In 1893 Gandhi went to South Africa to take up a job in the legal profession. In June 1893, he had to go by train to Pretoria in the Transvaal, a journey which would take him to Pietermaritzburg. Having purchased a first-class ticket, Gandhi took his seat in a first-class compartment. He was thereupon ordered by the railway officials to remove himself to the van compartment, since non-whites were not permitted in first-class compartments. Gandhi protested and produced his ticket, but was warned that he would be forcibly removed if he did not make a gracious exit. As Gandhi refused to comply with the order, he was pushed out of the train, in the extreme cold of winter, and his luggage was tossed out on to the platform

It was this shocking incident that made him decide to remove racism from the world. He became a man with a mission and, in 1920, began to take action in India, where at that time India was ruled by the same racist colonial power. When he went to South Africa, he was Mr. Gandhi, but when he started his mission in India, he very soon emerged as Mahatma Gandhi.

History tells us that many individuals attained to greatness because of having received some kind of shock. This is a law of nature, and it is this law of nature that has produced so many great personalities of history.

It is a fact that shock treatment is the greatest factor in the process of ‘man-making’. But, there is a condition. This law of nature works only in the case of those who take shocks in a positive manner. If an individual takes the ‘shock treatment’ negatively and becomes dejected, he will develop a negative mindset and will go on living in a state of total frustration or will ultimately die by his own hand.

On the contrary, one who proves to be courageous enough to face the shock of unpleasant situations and takes them as challenges will find that his mind is activated by the experience and this will certainly unfold his potential. His sense of shock will give rise to a new kind of motivation to deal effectively with the situation, and, in the process, this will lead to the development of a creative personality.

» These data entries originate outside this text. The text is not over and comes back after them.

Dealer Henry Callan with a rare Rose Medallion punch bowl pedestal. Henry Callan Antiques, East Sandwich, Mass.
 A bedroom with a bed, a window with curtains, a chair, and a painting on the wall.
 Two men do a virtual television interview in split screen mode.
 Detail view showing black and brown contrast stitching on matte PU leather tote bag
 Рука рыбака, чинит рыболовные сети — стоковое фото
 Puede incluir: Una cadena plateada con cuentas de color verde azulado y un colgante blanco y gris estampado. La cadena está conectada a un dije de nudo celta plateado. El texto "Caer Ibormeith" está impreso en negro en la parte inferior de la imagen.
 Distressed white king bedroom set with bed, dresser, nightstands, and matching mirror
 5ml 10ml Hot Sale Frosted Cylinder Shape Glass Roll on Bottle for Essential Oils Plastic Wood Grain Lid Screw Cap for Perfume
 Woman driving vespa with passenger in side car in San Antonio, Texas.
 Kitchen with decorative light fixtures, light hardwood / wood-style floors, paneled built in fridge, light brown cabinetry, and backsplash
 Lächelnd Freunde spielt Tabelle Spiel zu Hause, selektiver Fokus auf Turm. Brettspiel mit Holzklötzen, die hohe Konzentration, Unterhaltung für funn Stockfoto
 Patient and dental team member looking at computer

One who gives this kind of positive response to shocks, will be enabled to initiate a new, great struggle in his life. If, in the pre-shock period he was just a man, then in the post-shock period he will become a superman. Shock treatment is obviously an unwanted occurrence, but it is this very shock treatment that leads to the kind of superlative creativity which can be of immense benefit to humanity at large.